精神科Q&A

【1870】統合失調症だった、今は亡き母へ


Q: 私は30代女性です。先生の本、統合失調症 患者・家族を支えた実例集 を偶然見つけて読ませていただきました。 
私の母は、もう現在は他界しておりますが、重い統合失調症でした。私が小学生の頃から症状が悪化して、入退院を繰り返しておりました。父の話ですと、私が産まれてすぐ発症したとの事でした。 当時、私は子ども心に訳がわからなくて、学校から帰ると玄関のドアの前に「精神病出てけ!」と張り紙がしてあったり、幻聴が聞こえて夜中に裸で出て行った母が朝方警察に連れて来られて帰ってくる。毎日が不安でいっぱいの日々でした。
 何故こんなにも自分の母は他のお母さんと違うのか?思春期になった頃には恥ずかしいという感情が生まれ心の何処かで母を恨み私はずっと母の病気と向き合う事が出来ずに大人になりました。
 7年前に母は病院で亡くなりました。最後に会ったのは、亡くなる3日前外泊で戻ってきた実家で顔は薬の副作用で表情もなく、背中も丸くなりトイレさえも自分で行けないような母の姿でした。 
 現在私は子ども2人に恵まれて普通の家庭を持つ事が出来ました。そして子育てが落ち着いてきて自分自身とゆっくり向き合う時間が出来るようになってきました。そうなると母への後悔の想いが私の中で大きくなり、ずっと逃げてきた母の病気と向き合ってみたいという気持ちになりました。 もう母は亡くなりましたが、同じ病気の方で苦しんでいる家族の方の何か力になりたいと願っています。 でも実際何から始めていいのかわからず、ボランティアなど少しずつでも何か出来る事はないのか? 教えて頂きたく先生にご相談メールをしました。

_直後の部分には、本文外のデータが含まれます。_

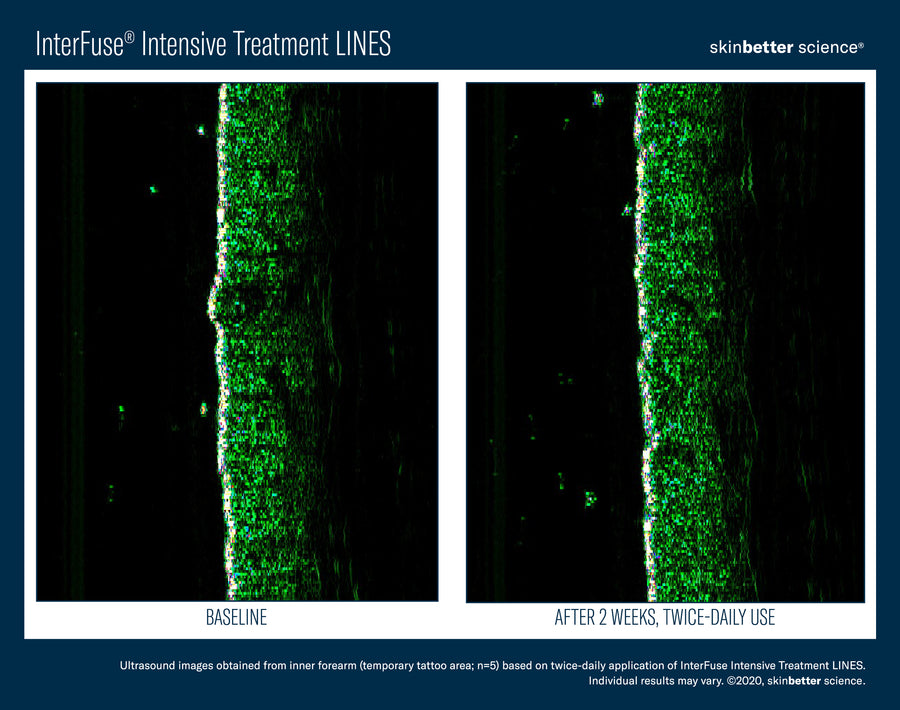 Skinbetter InterFuse Intensive Treatment LINES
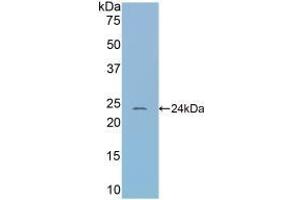 Detection of Recombinant CBG, Mouse using Polyclonal Antibody to Corticosteroid Binding Globulin (CBG) (SERPINA6 Antikörper  (AA 57-256))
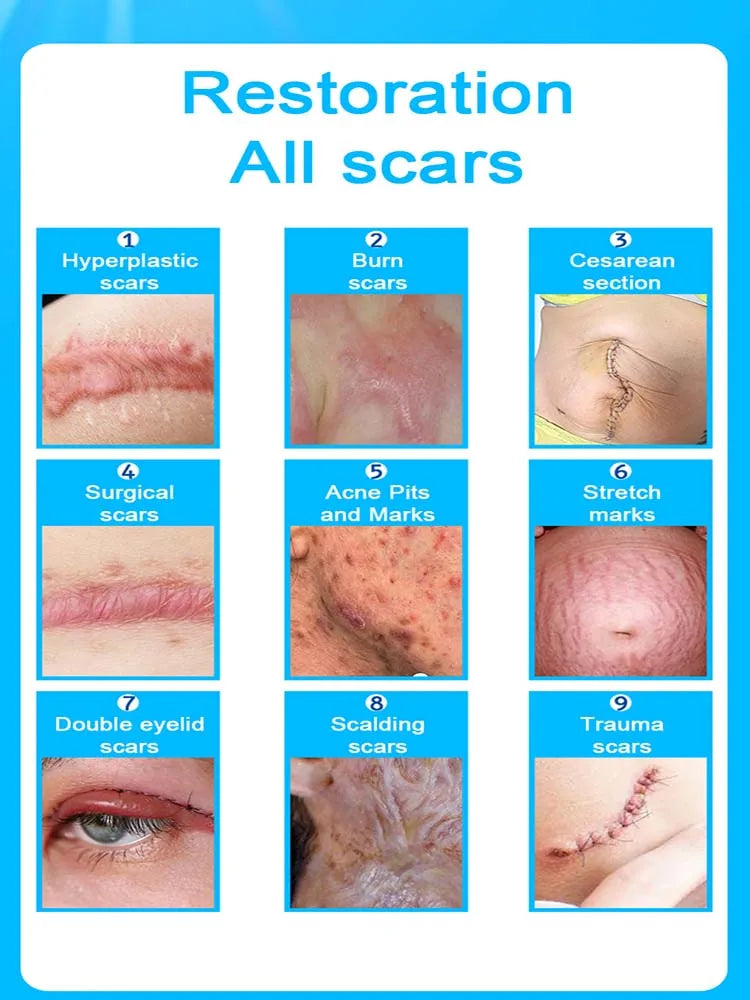 Scar Keloid Laser Removal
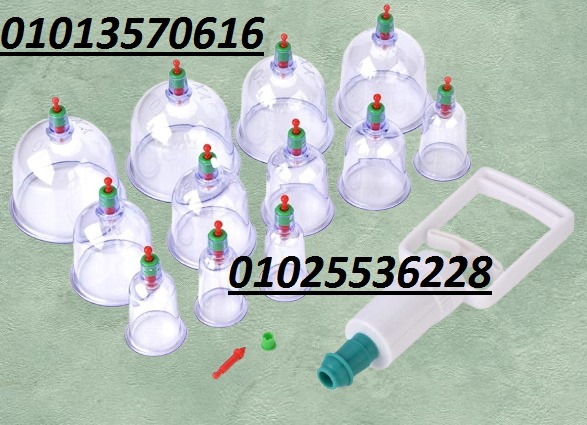 518322049_1215579497250764_3673378444832519514_n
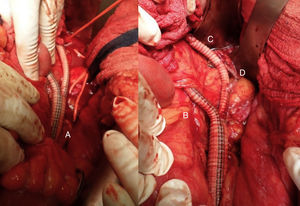Primer tiempo quirúrgico. Transposición de vasos viscerales. A) Anastomosis de la ilíaca externa izquierda al cuerpo principal del injerto. B) Anastomosis de la rama derecha del injerto a la arteria esplénica. C) Anastomosis de la rama izquierda a la arteria mesentérica superior. D) Anastomosis de la rama izquierda del injerto protésico a la arteria renal izquierda.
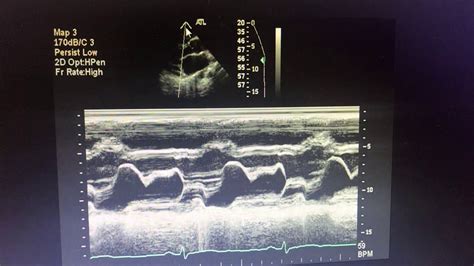 M Mode In Mitral Valve Prolapse Youtube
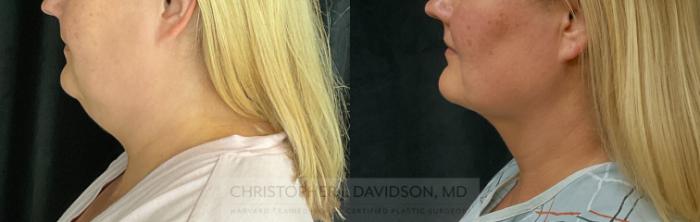 Submental Liposuction Case 301 Before & After Left Side | Boston, MA | Christopher J. Davidson, MD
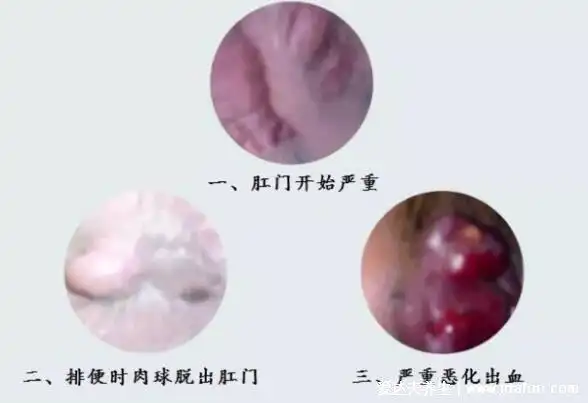 痔疮长什么样子的图片,含内痔/外痔/混合痔图片(混合痔要发病形式)
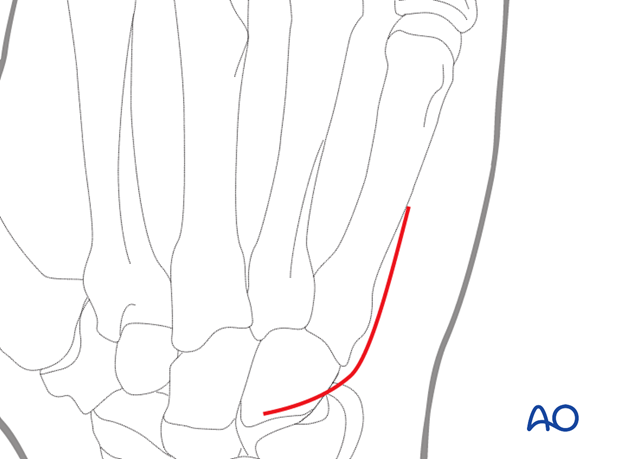 Dorsal approach to the 5th carpometacarpal joint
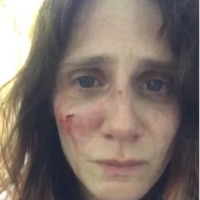 Victim of domestic abuse, French actress posts shocking pics on Instagram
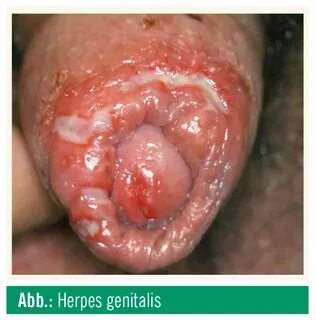 Herpes primärinfektion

林: このような深く、重く、そして美しいメールをいただき、感謝の言葉もありません。私には到底あなたにアドバイスできるだけの見識はありませんが、それでもひとつだけ言わせていただくとすれば、何をなさるかをお決めになるにあたっては、統合失調症について、その現実の正しい姿を直視することが最も大切だと私は考えます。現実の正しい姿とは、明るい面も暗い面も、さらには本人、ご家族、周囲の様々な立場の方々の目に映る姿のすべてを含んでいます。精神科Q&Aの統合失調症の実例、中でも特に今回(2010.10.5.)の実例(【1805】から【1870】)が、統合失調症の現実の正しい姿を知るために、ごくわずかでもご参考になれば嬉しく思います。あなたとあなたのご家族、そしてあなたがかかわる方々のこれからの人生が有意義で幸福であることを願っています。